═════ Recorded information

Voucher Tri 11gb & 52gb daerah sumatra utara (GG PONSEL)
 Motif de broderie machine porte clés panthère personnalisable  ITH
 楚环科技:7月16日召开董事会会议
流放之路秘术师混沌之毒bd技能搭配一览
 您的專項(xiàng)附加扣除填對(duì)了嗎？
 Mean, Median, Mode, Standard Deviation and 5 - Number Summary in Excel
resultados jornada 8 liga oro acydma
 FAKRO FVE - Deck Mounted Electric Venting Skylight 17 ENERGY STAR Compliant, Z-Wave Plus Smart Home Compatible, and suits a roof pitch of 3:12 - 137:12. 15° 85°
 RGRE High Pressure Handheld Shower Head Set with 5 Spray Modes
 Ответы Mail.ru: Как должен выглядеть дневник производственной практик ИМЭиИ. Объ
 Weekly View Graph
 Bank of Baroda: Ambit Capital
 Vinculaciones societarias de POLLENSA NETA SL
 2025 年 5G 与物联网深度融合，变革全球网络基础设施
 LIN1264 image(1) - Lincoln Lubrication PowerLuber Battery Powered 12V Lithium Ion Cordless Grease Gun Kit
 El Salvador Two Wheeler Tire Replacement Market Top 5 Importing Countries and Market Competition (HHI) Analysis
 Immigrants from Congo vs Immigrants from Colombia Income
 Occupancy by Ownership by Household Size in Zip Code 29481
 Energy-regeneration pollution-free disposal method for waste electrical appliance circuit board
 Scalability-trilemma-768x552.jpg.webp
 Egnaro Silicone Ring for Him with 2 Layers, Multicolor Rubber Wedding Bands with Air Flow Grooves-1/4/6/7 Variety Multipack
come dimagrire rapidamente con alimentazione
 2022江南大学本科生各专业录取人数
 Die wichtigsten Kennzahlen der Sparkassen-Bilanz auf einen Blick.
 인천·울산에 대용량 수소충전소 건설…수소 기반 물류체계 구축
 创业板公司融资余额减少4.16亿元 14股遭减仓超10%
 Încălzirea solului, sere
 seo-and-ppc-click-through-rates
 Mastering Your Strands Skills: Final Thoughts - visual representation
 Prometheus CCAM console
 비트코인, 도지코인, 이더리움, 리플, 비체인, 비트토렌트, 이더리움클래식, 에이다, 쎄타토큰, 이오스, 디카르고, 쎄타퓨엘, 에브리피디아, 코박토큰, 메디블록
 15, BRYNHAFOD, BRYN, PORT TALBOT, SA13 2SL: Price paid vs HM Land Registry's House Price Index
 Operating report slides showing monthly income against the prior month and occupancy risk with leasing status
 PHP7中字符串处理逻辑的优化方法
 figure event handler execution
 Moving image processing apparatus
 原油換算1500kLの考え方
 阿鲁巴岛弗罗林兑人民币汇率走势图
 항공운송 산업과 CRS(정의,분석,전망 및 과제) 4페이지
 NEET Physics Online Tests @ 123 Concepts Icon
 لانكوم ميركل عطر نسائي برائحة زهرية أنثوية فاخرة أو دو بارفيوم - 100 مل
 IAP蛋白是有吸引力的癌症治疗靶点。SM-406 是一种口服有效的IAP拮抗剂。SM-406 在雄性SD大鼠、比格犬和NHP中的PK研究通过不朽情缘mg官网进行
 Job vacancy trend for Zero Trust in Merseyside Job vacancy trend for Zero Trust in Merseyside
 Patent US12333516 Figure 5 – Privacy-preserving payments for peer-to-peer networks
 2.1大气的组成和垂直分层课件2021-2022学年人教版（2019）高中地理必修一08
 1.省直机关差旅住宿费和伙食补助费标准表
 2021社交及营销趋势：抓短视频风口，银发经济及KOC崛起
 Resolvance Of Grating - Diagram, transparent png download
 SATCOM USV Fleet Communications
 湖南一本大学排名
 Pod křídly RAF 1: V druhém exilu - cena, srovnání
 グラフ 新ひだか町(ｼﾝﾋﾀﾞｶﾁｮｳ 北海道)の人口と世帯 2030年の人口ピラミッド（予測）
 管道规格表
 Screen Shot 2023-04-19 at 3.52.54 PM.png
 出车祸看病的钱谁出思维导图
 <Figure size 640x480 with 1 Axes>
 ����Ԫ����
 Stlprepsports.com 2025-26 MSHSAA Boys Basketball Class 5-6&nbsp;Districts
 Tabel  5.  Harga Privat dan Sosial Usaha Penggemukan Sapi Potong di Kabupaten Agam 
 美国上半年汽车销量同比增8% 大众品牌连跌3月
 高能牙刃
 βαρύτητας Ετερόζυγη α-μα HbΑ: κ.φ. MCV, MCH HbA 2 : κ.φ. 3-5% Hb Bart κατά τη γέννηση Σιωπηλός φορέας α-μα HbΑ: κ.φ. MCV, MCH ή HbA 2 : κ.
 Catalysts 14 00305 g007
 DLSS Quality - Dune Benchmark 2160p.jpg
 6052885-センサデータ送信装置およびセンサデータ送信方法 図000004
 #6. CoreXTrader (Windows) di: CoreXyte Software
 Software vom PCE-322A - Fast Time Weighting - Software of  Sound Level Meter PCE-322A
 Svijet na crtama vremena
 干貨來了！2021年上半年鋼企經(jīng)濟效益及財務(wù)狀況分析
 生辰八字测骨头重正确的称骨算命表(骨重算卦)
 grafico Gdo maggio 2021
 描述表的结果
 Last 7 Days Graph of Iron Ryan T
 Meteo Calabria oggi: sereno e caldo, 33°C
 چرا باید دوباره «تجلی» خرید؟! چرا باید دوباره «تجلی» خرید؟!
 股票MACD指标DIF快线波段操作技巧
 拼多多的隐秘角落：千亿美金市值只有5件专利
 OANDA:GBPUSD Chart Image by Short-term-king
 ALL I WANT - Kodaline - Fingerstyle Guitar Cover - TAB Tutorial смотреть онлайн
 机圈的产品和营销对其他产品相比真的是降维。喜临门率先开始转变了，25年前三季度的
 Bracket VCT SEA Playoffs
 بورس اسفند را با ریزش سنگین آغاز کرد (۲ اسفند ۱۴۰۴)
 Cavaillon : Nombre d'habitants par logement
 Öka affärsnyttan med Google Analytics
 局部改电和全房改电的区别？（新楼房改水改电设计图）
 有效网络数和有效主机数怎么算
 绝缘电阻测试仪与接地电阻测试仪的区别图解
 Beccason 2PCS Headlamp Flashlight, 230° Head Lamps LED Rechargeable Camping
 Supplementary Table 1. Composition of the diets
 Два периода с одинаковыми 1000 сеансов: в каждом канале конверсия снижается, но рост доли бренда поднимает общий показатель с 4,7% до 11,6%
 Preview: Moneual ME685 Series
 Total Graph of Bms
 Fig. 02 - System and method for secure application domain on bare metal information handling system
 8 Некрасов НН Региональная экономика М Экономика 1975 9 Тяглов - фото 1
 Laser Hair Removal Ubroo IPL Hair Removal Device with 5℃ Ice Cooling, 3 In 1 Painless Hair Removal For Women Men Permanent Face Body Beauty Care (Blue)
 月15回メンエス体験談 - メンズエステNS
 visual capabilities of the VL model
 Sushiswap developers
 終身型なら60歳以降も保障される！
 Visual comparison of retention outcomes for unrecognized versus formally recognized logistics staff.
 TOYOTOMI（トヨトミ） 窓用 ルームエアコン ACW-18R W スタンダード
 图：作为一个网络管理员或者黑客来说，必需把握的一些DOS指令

══════════

Aim of the exercise
Based on the records above, count the lines in which "Graph" occurs and provide only the number.

Exercise solution
3